Congo Airways dispose de nouveaux moyens aériens, mais aucun de ses appareils n’est aujourd’hui en exploitation commerciale. À l’aéroport international de N’Djili, cette immobilisation concentre désormais l’essentiel de l’enjeu de la relance : transformer une flotte disponible sur le plan patrimonial en capacité effective de transport.

La situation concerne notamment l’Embraer E-190 réceptionné le 24 décembre 2025 dans le cadre d’un programme porté par la Caisse nationale de sécurité sociale. Selon Radio Okapi, l’appareil reste au sol en raison de contraintes comprenant la disponibilité de pilotes qualifiés, la documentation technique et certaines pièces nécessaires à son exploitation et à sa maintenance. Les autres appareils de la compagnie sont également immobilisés, principalement pour des besoins de maintenance.

Le calendrier souligne l’importance de la phase actuelle. Un mois après l’arrivée de l’Embraer, Congo Airways a réceptionné, le 31 janvier 2026, un Airbus A320 à Kinshasa. La compagnie avait parallèlement engagé le recrutement de neuf commandants de bord, neuf copilotes et quatre techniciens de maintenance, une démarche directement liée à la constitution des capacités nécessaires à la reprise des opérations.
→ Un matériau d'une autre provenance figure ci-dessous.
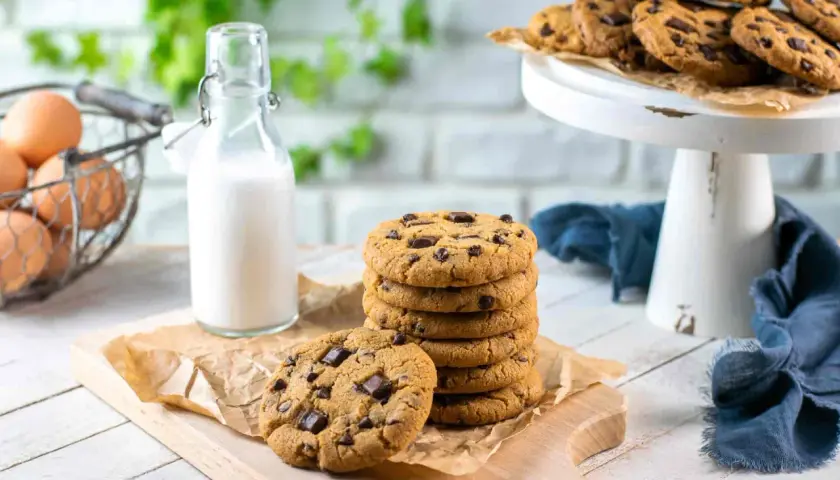 Una pila di biscotti con gocce di cioccolato, pronti per essere gustati con un bicchiere di latte.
Le dossier comporte également une dimension financière et institutionnelle. Des agents de la compagnie ont fait état de dettes et d’arriérés de salaires. Une mission menée en décembre 2025 par l’Inspection générale des finances, le Conseil supérieur du portefeuille et l’Autorité de l’aviation civile a, de son côté, examiné la gestion administrative, financière et opérationnelle de l’entreprise. Ses conclusions ont conduit les autorités à inscrire la gouvernance, le contrôle interne, la conformité réglementaire, l’audit des ressources humaines et le reporting à l’État actionnaire parmi les composantes du nouveau dispositif de relance.

En mars, le président Félix Tshisekedi a demandé au gouvernement un plan actualisé, réaliste et financièrement encadré. Le même dispositif prévoit également l’examen des modalités d’acquisition, de financement et d’intégration des nouveaux aéronefs ainsi que des obligations financières de l’État envers la compagnie.

Pour la décision publique, les paramètres sont ainsi plus lisibles qu’auparavant. Les actifs existent, les besoins en personnel ont été identifiés et le cadre de gouvernance attendu a été défini. La prochaine séquence permettra de mesurer leur traduction opérationnelle : certification et disponibilité des avions, constitution des équipages, accès aux pièces et à la maintenance, financement du cycle d’exploitation et calendrier effectif de reprise.

L’Administrateur délégué général de Congo Airways s’est déclaré confiant auprès de Radio Okapi quant à un prochain retour dans les airs. La date du premier vol commercial constituera désormais le premier indicateur observable du passage du plan de relance à son exécution.